To see whether the size of the reservoir can be reduced, further studies using HDAC inhibitors in multiple doses are ongoing or being developed.
Are HDAC Inhibitors the Answer?
While HDAC inhibitors show promise, Eron remained hesitant. "Will HDAC inhibitors be enough? Are we done? I bet not. Not all studies show induction of viral expression by HDAC inhibitors ex vivo. There are some studies that show over time you get less induction ex vivo," he cautioned.
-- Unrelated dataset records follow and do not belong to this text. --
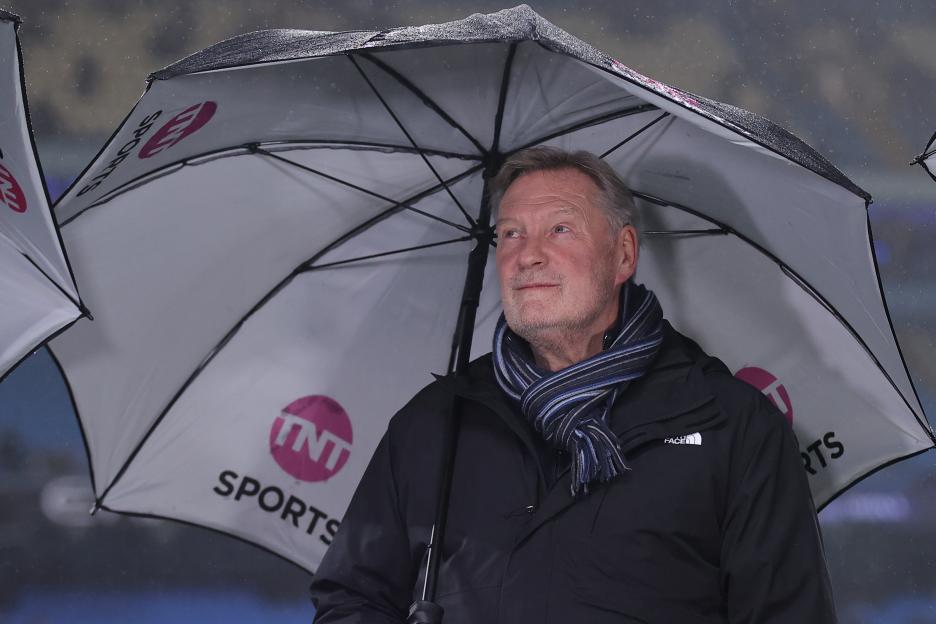 TNT Sports pundit Glenn Hoddle holding an umbrella during a football match.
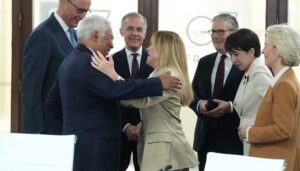 Italian Prime Minister Giorgia Meloni hugging António Costa at a G7 summit meeting, with UK Prime Minister Keir Starmer, Ursula von der Leyen, and other world leaders smiling in the background.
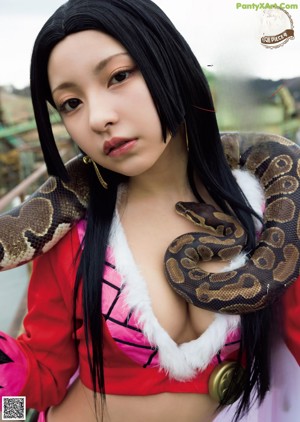 A woman holding a large snake in her arms.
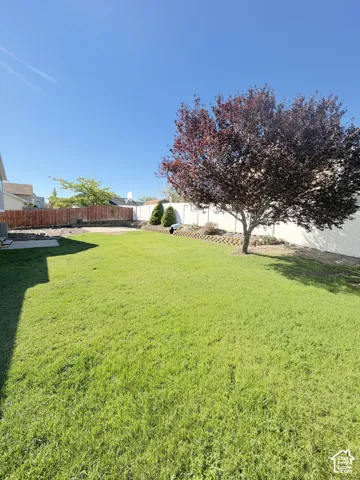 Backyard featuring a manicured lawn, perimeter fencing, mature tree, stone-look retaining wall, and concrete patio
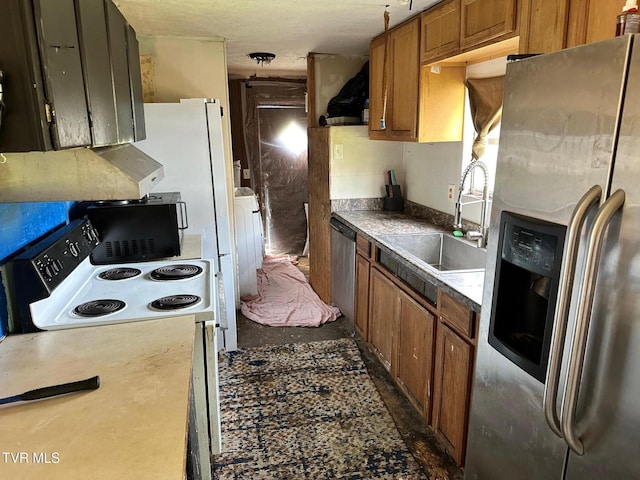 kitchen with appliances with stainless steel finishes and sink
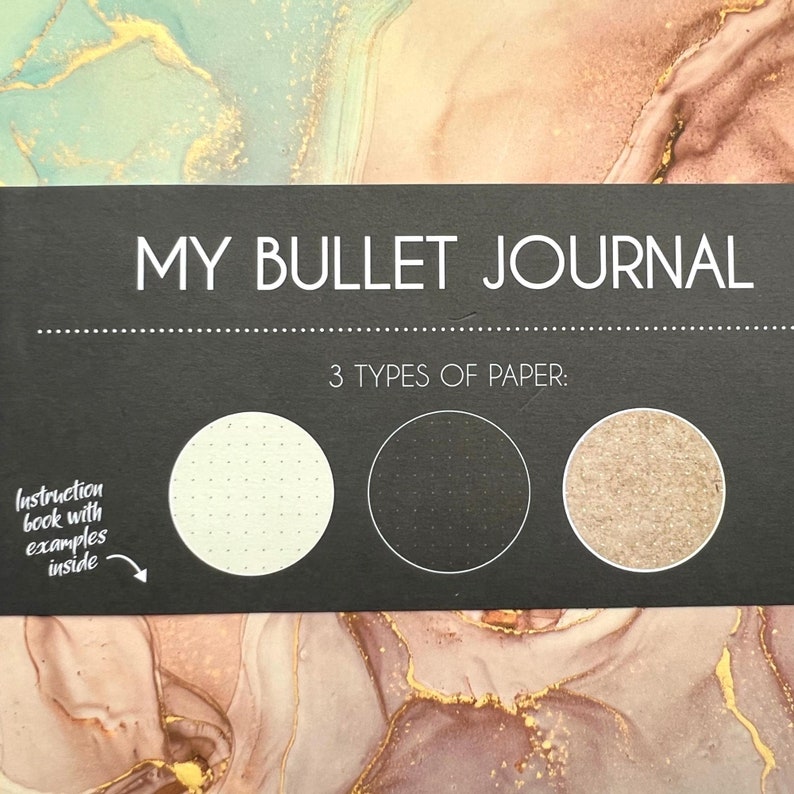 May include: A black journal cover with the words "MY BULLET JOURNAL" in white. Below, it reads "3 TYPES OF PAPER:" with three circular paper samples. An instruction book with examples is also included.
Instead, Eron suggested, "It's possible the combination of anti-latency compounds with different mechanisms might be more effective. Where have we heard that before? Combinations with different mechanisms." Undoubtedly, Eron was referring to the evolution of HIV antiretroviral therapy, which started off with single drugs and mediocre results. It wasn't until the advent of combination antiretroviral therapy, which combined drugs with different mechanisms of action, that patients began to see more potent treatment and widespread success.
"What if latently infected cells produce virus, but then they don't die?" Eron asked aloud. He then once again highlighted work by Siliciano's team: "They actually showed that when you stimulated resting cells with vorinostat, ex vivo, they actually didn't die," Eron noted. "They produce virus, but then they didn't die. Prior to treatment, they're dosed with vorinostat. Then they look at infectious units per million, and it hasn't changed. So virus was expressed, but perhaps those latently infected cells just became quiescent again."
Kick and Kill
While getting latently infected cells to express virus is a key first step, researchers also need a way to actually eradicate those cells once latency has been disrupted. Hence, what is now being called the "kick and kill" approach.
"You could give an HIV-specific vaccine to wake up the immune system and then give the kick," Eron hypothesized. "Perhaps you could manipulate CD8 cells ex vivo, then give them back and 'kick' to see if they get killed. Pablo Tebas and others are working on CD4+ cell receptor enhancement to try to improve CD8 cells. Maybe you could infuse a broadly neutralizing antibody, or antibody prime for antibody-dependent cell-mediated cytotoxicity [an immune response in which an infected target cell that is coated with antibody is destroyed by an immune cell] to kill the cells."
Eron also noted that the immune system, over time, becomes exhausted trying to control HIV. In the case of CD4+ and CD8 cells, when PD-1 (a key inhibitory receptor) attaches to the PD-L1 receptor of antigen-presenting cells, the CD4+ and CD8 cells become less effective at killing invading microbes. Therefore, according to Eron, "The idea is that you block this [PD-1/PD-L1 pathway], you reinvigorate the T cell and perhaps you could clear cancer cells -- which has been shown -- and HIV-infected cells expressing virus, which of course hasn't been shown."